Gambar 38 1. A : Selama pemberian blok retrobulbar, pasien melihat ke supranasal, selanjutnya injeksi 1,5 cm sepanjang inferotemporal disekeliling orbita. B kemudian jarum diarahakn keatas dan kearah nasal bagian apeks orbita dan selanjutnya sampai menembus ujung otot kerucut.

BLOK SARAF WAJAH Blok saraf wajah melindungi jatuhnya kelopak mata selama pembedahan dan dibolehkan memasang speculum pada kelopak mata. Ada beberapa teknik blok nervus fasial : van lint, Atkinson, dan OBrien (gbr 38 - 2). Komplikasi utama blok ini adalah perdarahan subkutaneus. Prosedur lain, teknik Nadbath, blok nervus fasial yang dari keluar foramen stylomastoideus di bawah canalis auditorius eksterna, ditutup pada bagian proksimal nervus vagus dan glossopharingeal. Blok ini tidak direkomendasikan karena dapat menyebabkan kelumpuhan pita suara, spasme laring, disfagia dan penekanan pernapasan.

Gambar 38 2. Ada beberapa teknik blok saraf wajah , antara lain (1) van Lint, (2) Atkinson, dan (3) OBrien

SEDASI INTRAVENA Beberapa teknik sedasi intravena dapat digunakan pada pembedahan mata. Sebagian obatobatan yang digunakan kurang penting dibandingkan dosisnya. Sedasi yang dalam harus dihindari karena dapat meningkatkan resiko apnu dan kelainan gerakan pasien selama pembedahan. Pada keadaan yang lain blok nervus fasialis dan retrobulbar dapat menyebabkan kelainan. Sebagai kompromi beberapa ahli anestesi membolehkan dosis kecil barbiturat aksi pendek (methohexital 10 20 mg atau thiopental 25-75 mg) untuk menghasilkan ketidaksadaran selama blok regional. Alternatif lain bolus kecil alfentanil (375-500 ug) diperbolehkan mengatur intensitas analgesia. Ahli anestesi lain percaya bahwa resiko henti napas dan aspirasi tidak dapat diterima, batas dosisnya yang dapat menghasilkan relaksasi minimal dan amnesia. Midazolam (1-3 mg) dengan atau tanpa fentanyl (12,5-25 ug) adalah regimen yang umum. Dosis yang dianjurakan bervariasi antara pasien pasien dan harus diatur penurunannya sedikit demi sedikit. Pengenalan dan pengadaan teknik, ventilasi dan oksigenasi harus terus dimonitor (dengan oximetry), dan peralatan ventilasi untuk menghasilkan tekanan positif harus tersedia. DISKUSI KASUS; PENDEKATAN PADA PASIEN DENGAN MATA TERBUKA DAN PERUT PENUH

Seorang anak 12 tahun dating di UGD setelah matanya terkena peluru senjata angin. Pemeriksaan yang dilakukan oleh ahli mata ditemukan luka pada intraokuler.
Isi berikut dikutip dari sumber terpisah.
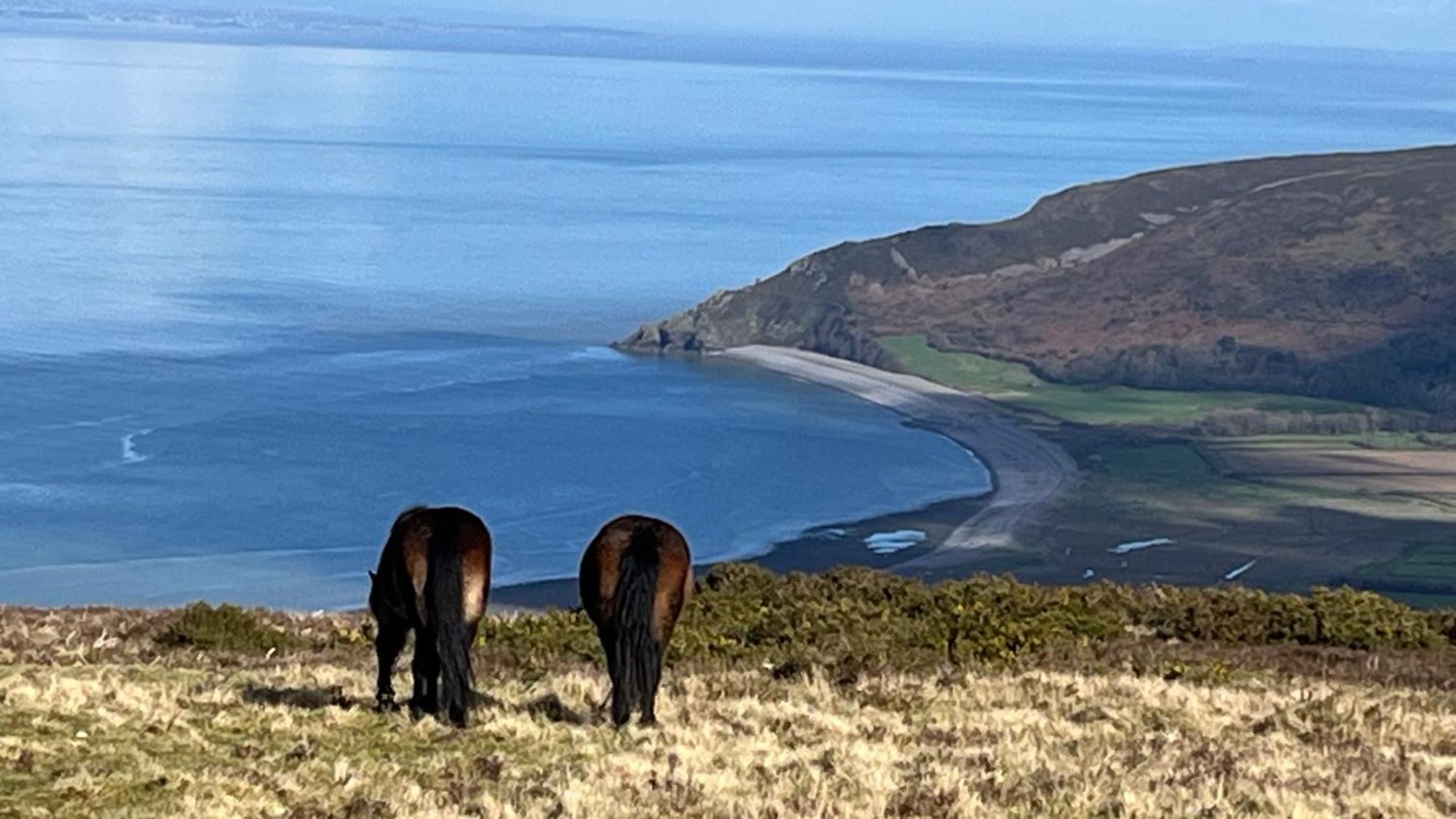 Exmoor Bnb In Withypool On Two Moors Way Extérieur photo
Anak ini direncakan untuk memperbaiki kedaruratan ruptur bola mata. Apa yang harus diperhatikan pada evaluasi preoperatif pasien ini ? Pada anamnesa dan pemeriksaan fisis, satu yang harus diketahui seakurat mungkin adalah saat intake oral sebelum atau sesudah trauma. Pasien harus dipertimbangkan pada perut penuh jika trauma terjadi 8 jam setelah makan terakhir, jika terjadi pada pasien yang tidak makan beberapa jam setelah trauma : pengosongan lambung yang lambat oleh karena nyeri dan cemas setelah trauma. Apa tanda penting perut penuh pada pasien dengan trauma bola mata terbuka ? Penanaganan pasien yang mengalami trauma tembus pada mata merupakan tantangan bagi ahli anestesi karena dibutuhkan perencanaan anestesi yang tepat dengan 2 hal yang obyektif. Hal yang pertama adalah pencegahan kerusakan mata oleh karena peningkatan tekanan intraokuler. Hal penting yang kedua adalah pencegahan aspirasi paru paru pada pasien dengan perut penuh.. Banyak kemungkinan strategi yang digunakan untuk menanggulangi masalah langsung dengan yang lainnya, bagaimanapun (tabel 38-5 dan 38-6), sebagai contoh saat anestesi regional (blok retrobulbar)mengurangi resiko pneumonia aspirasi, namun merupakan kontra indikasi relatif pada pasien dengan trauma tembus mata karena injeksi anestesi lokal dibelakang mata meningkatkan tekanan intraokuler dan memacu ekspulsi isi bola mata. Karena itulah pasien ini diberikan anestesi umum di samping peningkatan resiko pneumonia aspirasi.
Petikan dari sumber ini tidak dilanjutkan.